3rd run of apriori algorithm
-f dataset.csv -s 0.92 -c 0.7 python apriori.py
————ITEMS—————– item: (‘Nachos’,) , 0.955 item: (‘Nachos’, ‘Eggs’) , 0.955 item: (‘Nachos’, ‘Bread’) , 0.955 item: (‘Nachos’, ‘Butter’) , 0.955 item: (‘Nachos’, ‘Milk’) , 0.955 item: (‘Nachos’, ‘Juice’) , 0.955 item: (‘Nachos’, ‘Banana’) , 0.955
The support value of 0.955 is similar to the support value of 0.95 and 1 which we used in FPgrowth algorithm in the 3rd run but the number of items is less than the FPgrowth algorithm.
This value keeps on decreasing with the increase in the number of items in the dataset.
————RULES—————– Rule: (‘Eggs’,) ==> (‘Nachos’,) , 0.955 Rule: (‘Bread’,) ==> (‘Nachos’,) , 0.955 Rule: (‘Butter’,) ==> (‘Nachos’,) , 0.955 Rule: (‘Milk’,) ==> (‘Nachos’,) , 0.955 Rule: (‘Juice’,) ==> (‘Nachos’,) , 0.955
Rule: (‘Juice’,) ==> (‘Milk’,) , 1.000
We get a value of confidence of 1 for apriori algorithm for the association of juice
against milk
for 1 rule whic is similar to FPgrowth algorithm.

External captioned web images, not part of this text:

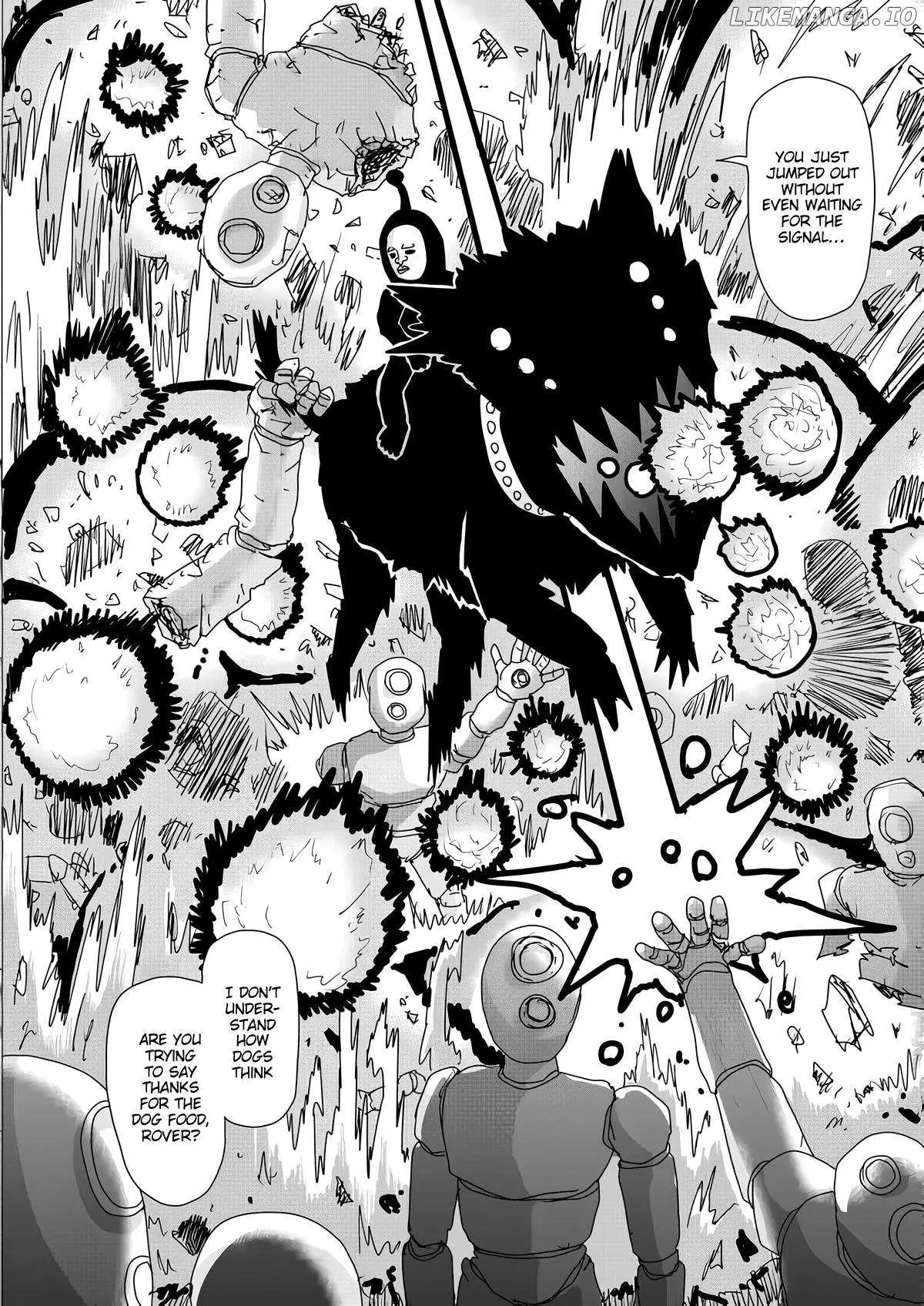 Onepunch-Man (One) Chapter 154 page 10 - 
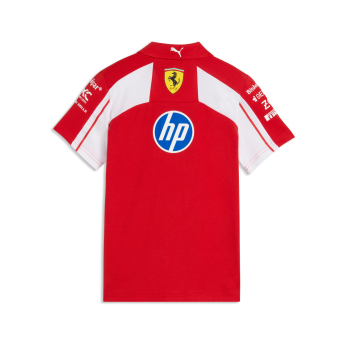 Ferrari dječje polo majice official Teamline Replica F1 Team 2026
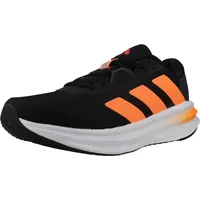 adidas Galaxy 7 Core Black / Lucid Orange / Lucid Red 44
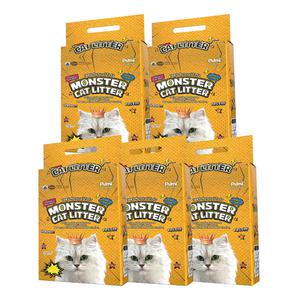 몬스터 캣리터 압축 두부모래 오리지널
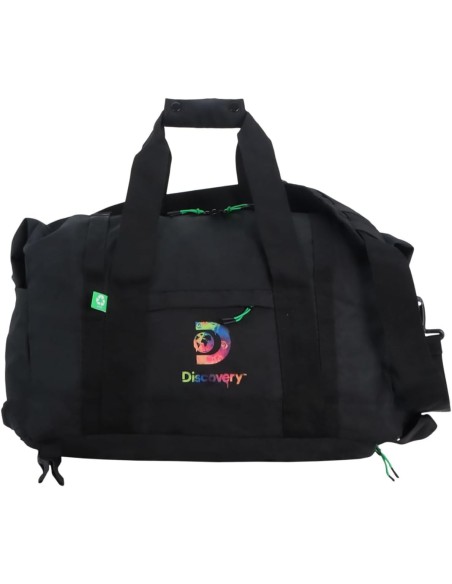 Mochila Viaje 50 Cm Discovery  Drive Negro Mochila Viaje 50 Cm Discovery  Drive Negro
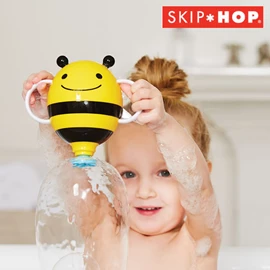 美国Skip Hop 可爱动物园蜜蜂喷泉玩具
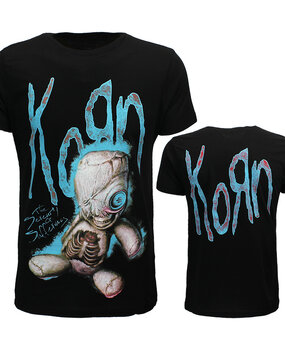 Band Merchandise Korn SoS Doll Band T-Shirt Band Merchandise Korn SoS Doll Band T-Shirt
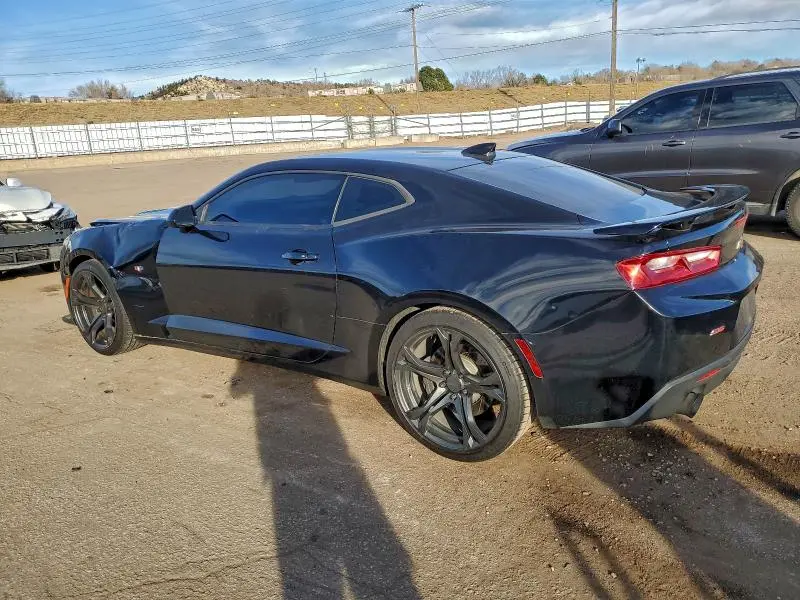 2017 CHEVROLET CAMARO SS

So in some cases both algorithms give the same results and in some cases they give different results.
Conclusion
We can conclude that FPgrowth algorithm is better than apriory algorithm as it gives more accurate results. The FPgrowth algorithm is faster than apriory algorithm as well. The FPgrowth algorithm is used in many applications such as market basket analysis, recommender systems, etc. The FPgrowth algorithm is used in the Apache Spark MLlib library as well.
References
- https://en.wikipedia.org/wiki/Association_rule_learning
- Borgelt, C. (2010) An Implementation of the FP-growth Algorithm. Proceedings of the 1st International Workshop on Open Source Data Mining: Frequent Pattern Mining Implementations.